El pecado de Wojtyla
En 1992, el papa Wojtyla, Juan Pablo 11, declaró oficialmente que la Iglesia católica se había equivocado al condenar a Galileo por su defensa del sistema copernicano. Para evitar la tortura de la Inquisición, Galileo tuvo que abjurar de su opinión de que la Tierra gira en torno al Sol. A pesar de ello, sufrió arresto domiciliario hasta el final de sus días, sin que ni su avanzada edad ni su progresiva ceguera movieran a compasión al vengativo papa Urbano VIII. En mayo de 1994, Juan Pablo II ha enviado a sus 140 cardenales un documento proponiéndoles que, con motivo del jubileo del año 2000, la Iglesia pida perdón al mundo por los errores y crímenes que ha cometido a lo largo de su historia (las persecuciones a científicos; las crueldades de la Inquisición; las guerras de religión; las violaciones de los derechos humanos).Yo no sé si tiene mucho sentido o si sirve para algo que Juan Pablo Il pida ahora perdón por los rancios pecados de Urbano VIII y de tantos otros pontífices anteriores de poco gloriosa recordación. Los verdugos y las víctimas del siglo XVII comparten ya el mismo destino del polvo, y las ideas astronómicas hace tiempo que se emanciparon de los permisos papales. Quizás fuera más práctico que el papa Wojtyla se preocupara de sus propias acciones y de la posibilidad de que a finales del siglo XX él mismo esté cometiendo un error histórico tan grande o mayor que los de sus más desafortunados predecesores.

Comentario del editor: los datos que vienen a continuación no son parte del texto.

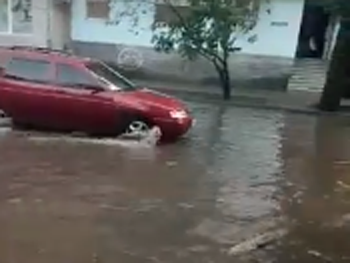 Отличные мелитопольские дороги не справляются с осенним дождем  фото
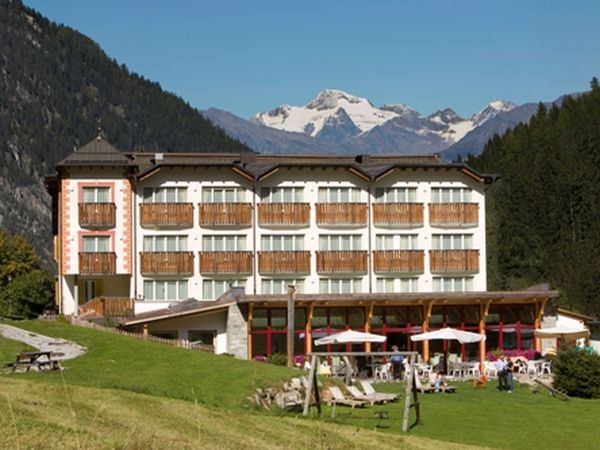Family hotel Bella Vista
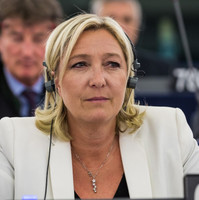 Le club des voleurs et des menteurs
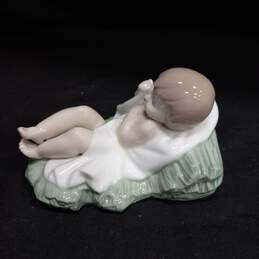 Lladro Baby Jesus Nativity Figurine alternative image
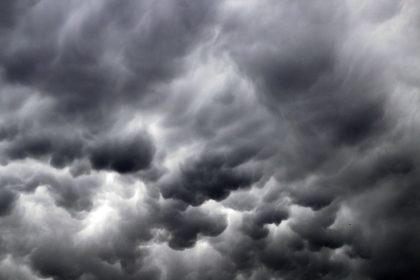 Nuvens escuras e carregadas se formam sobre Guaratuba, no Paraná.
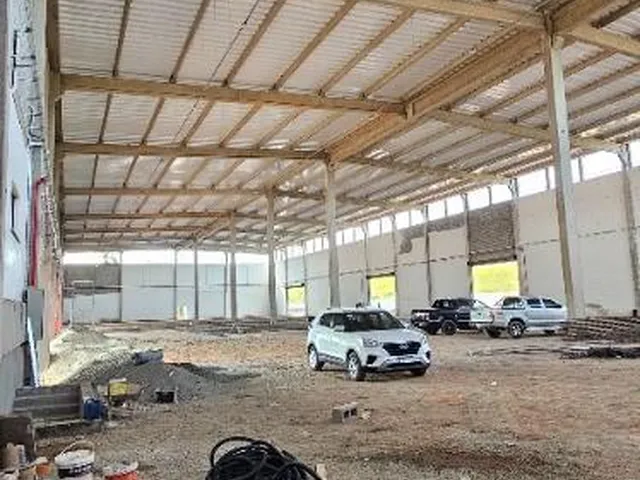 Imagem 8: Galpão para locação em Arujá com zoneamento ZUP1. Possui amplo estacionamento e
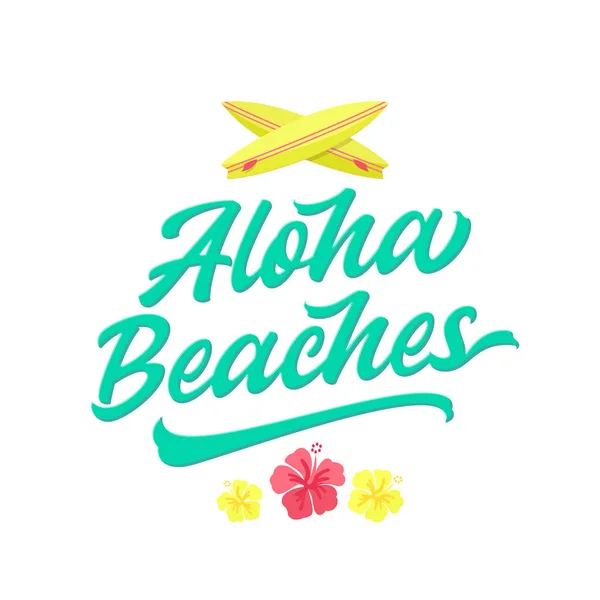 Aloha spiagge lettering. Havaiian estate segno tropicale, etichetta, modello di carta. Fiori di ibisco e tavole da surf in stile piatto illustrazione decorativa, emblema, stampa di abbigliamento isolato — Vettoriale Stock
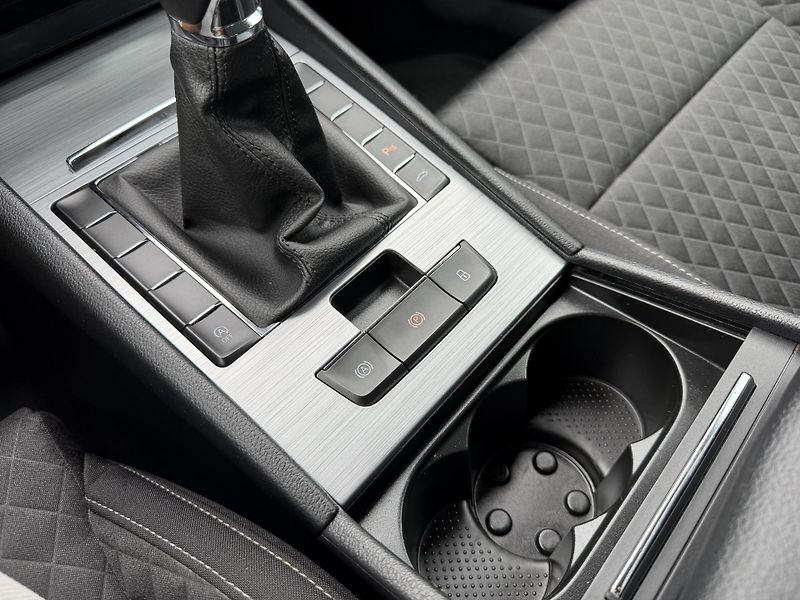 Škoda Superb (2022) 2.0 TDi 110 kw/tažné/DPH - fotka 20 z 25
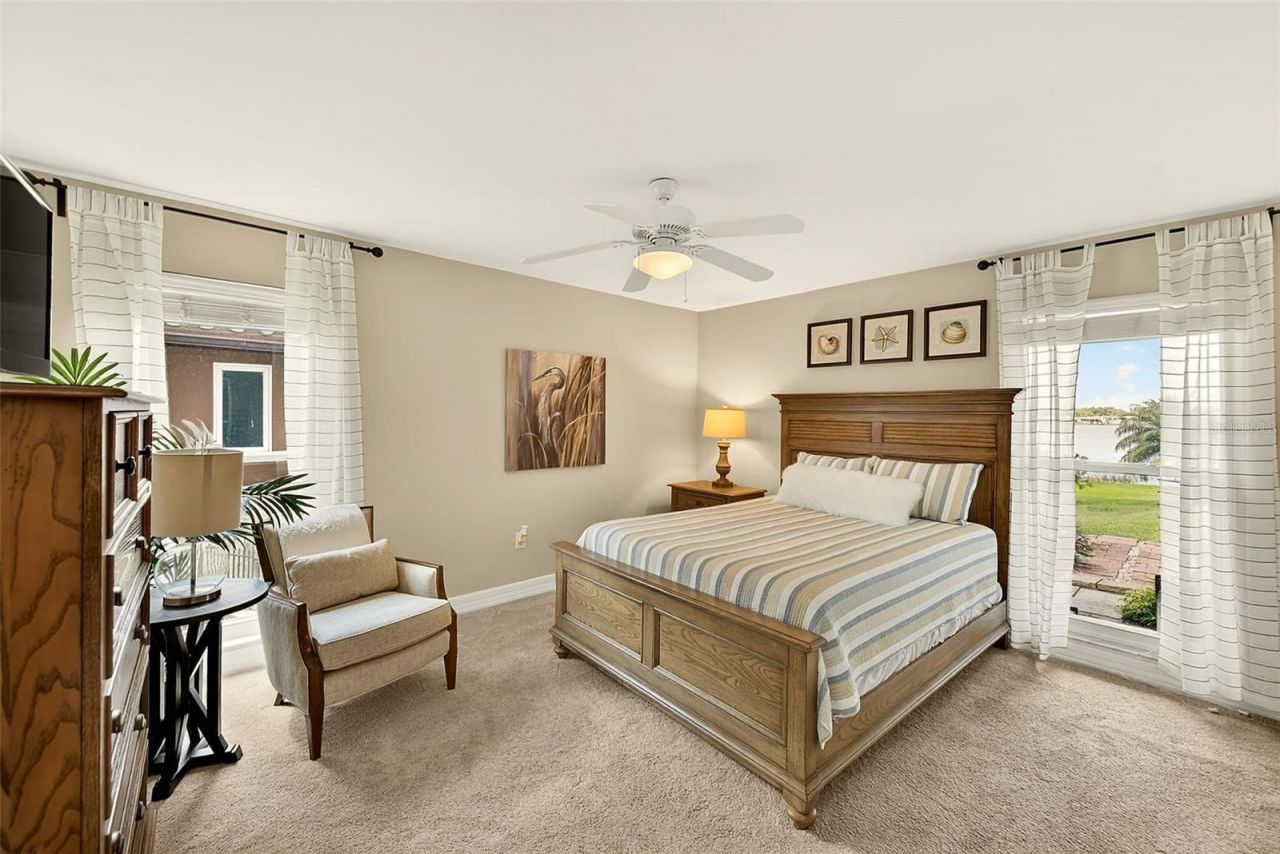 10976 Harborside Drive , Largo, FL 33773 Photo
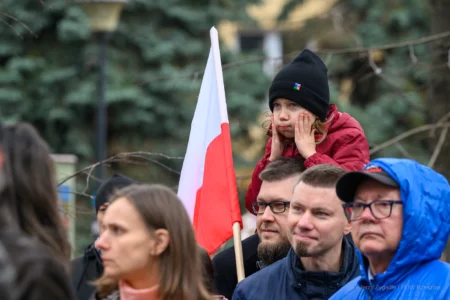 Podczas uroczystości na Placu Wolności w Rzeszowie mieszkańcy wspólnie z parlamentarzystami, przedstawicielami władz samorządowych, służb mundurowych, instytucji, środowisk kombatanckich uczcili 107. rocznicę odzyskania przez Polskę niepodległości.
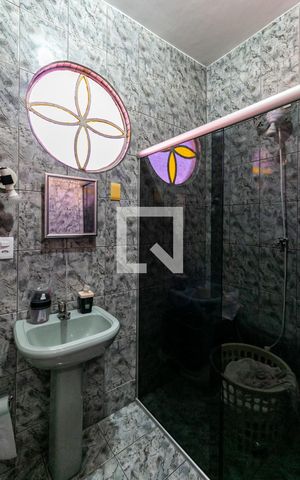Casa à venda com 360m², 3 quartos e 8 vagas Casa à venda com 360m², 3 quartos e 8 vagasBanheiro 2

Desde la época de los sumerios (hace 5.000 años) hasta el siglo XVIII el progreso técnico se traducía directamente en la inmensa mayoría de la gente, a pesar de todos los descubrimientos e invenciones, en que el nivel de vida no subía; sólo los números de la población aumentaban. Actualmente esta situación ha cambiado en Europa, Norteamérica y los países -del Pacífico (entre Japón y Australia), que, juntos, representan un 20% de la humanidad. Esta parte privilegiada del mundo ha alcanzado el equilibrio demográfico, en ella la población ya no crece, y, por tanto, el progreso tecnológico se traduce aquí en una elevación constante del nivel de vida (a pesar de las obvias excepciones). Pero el mundo subdesarrollado, que incluye al 80% de los seres humanos, sigue anclado en la miseria provocada por la galopante expansión demográfica (cada mes, 10 millones más de bocas hambrientas).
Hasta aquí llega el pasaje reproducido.